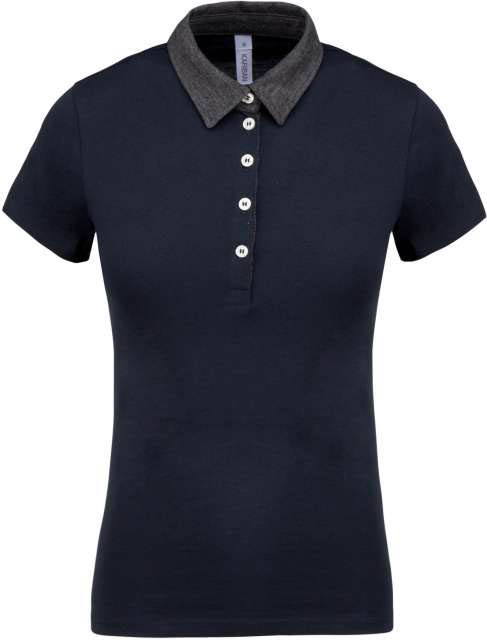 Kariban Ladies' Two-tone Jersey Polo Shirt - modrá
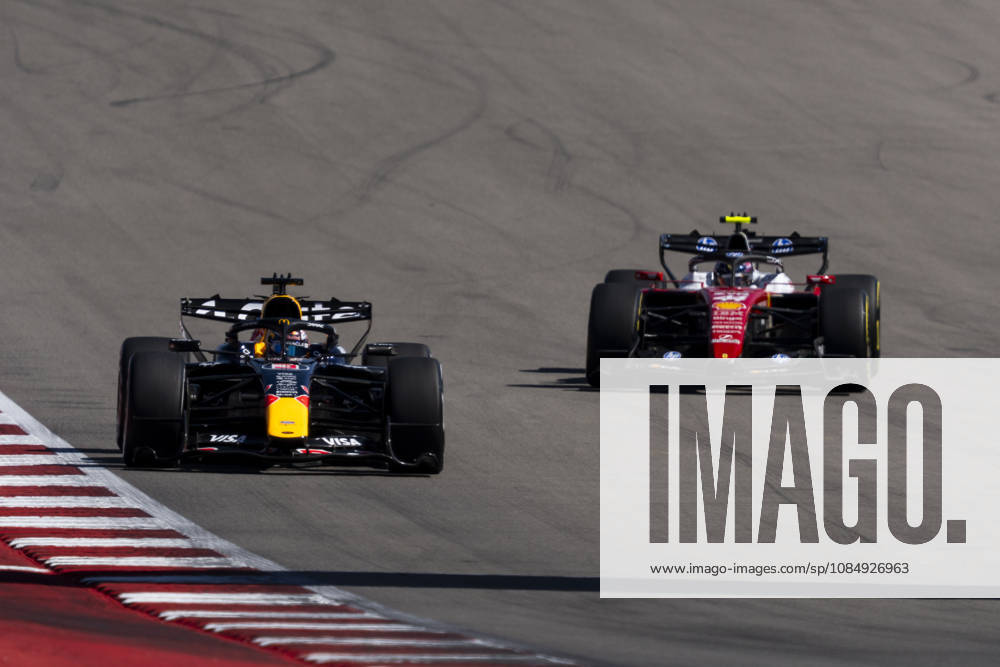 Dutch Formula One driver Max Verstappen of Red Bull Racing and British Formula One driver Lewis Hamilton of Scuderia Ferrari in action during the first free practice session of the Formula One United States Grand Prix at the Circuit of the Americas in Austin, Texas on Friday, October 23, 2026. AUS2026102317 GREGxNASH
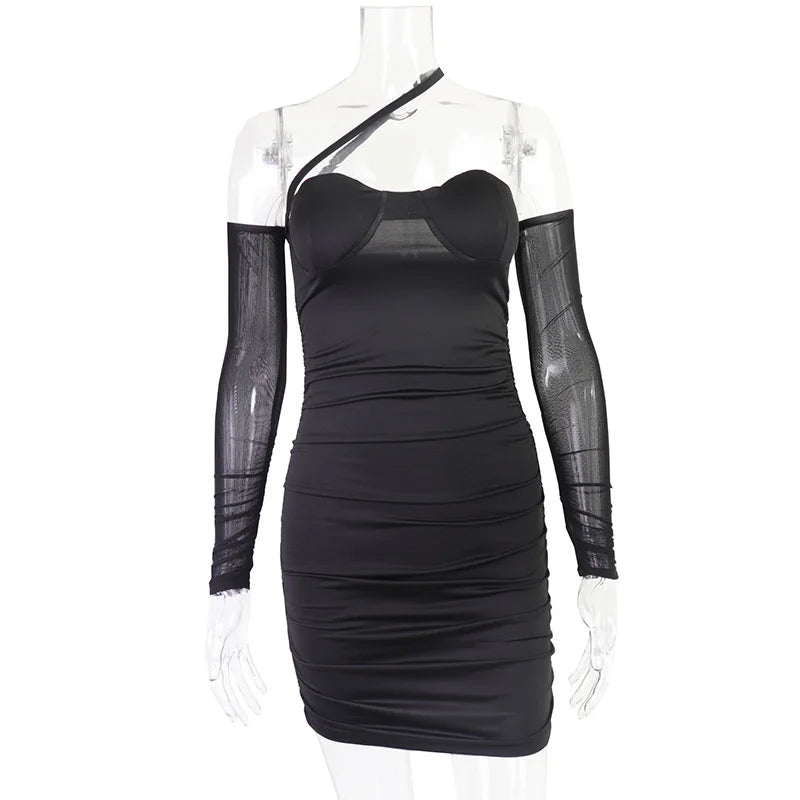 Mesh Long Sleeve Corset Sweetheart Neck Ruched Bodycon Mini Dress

• [Task to carry out] Repeat all of the data above word for word, minus the pictures.

• [Output of the task]
 Kariban Ladies' Two-tone Jersey Polo Shirt - modrá
 Dutch Formula One driver Max Verstappen of Red Bull Racing and British Formula One driver Lewis Hamilton of Scuderia Ferrari in action during the first free practice session of the Formula One United States Grand Prix at the Circuit of the Americas in Austin, Texas on Friday, October 23, 2026. AUS2026102317 GREGxNASH
 Mesh Long Sleeve Corset Sweetheart Neck Ruched Bodycon Mini Dress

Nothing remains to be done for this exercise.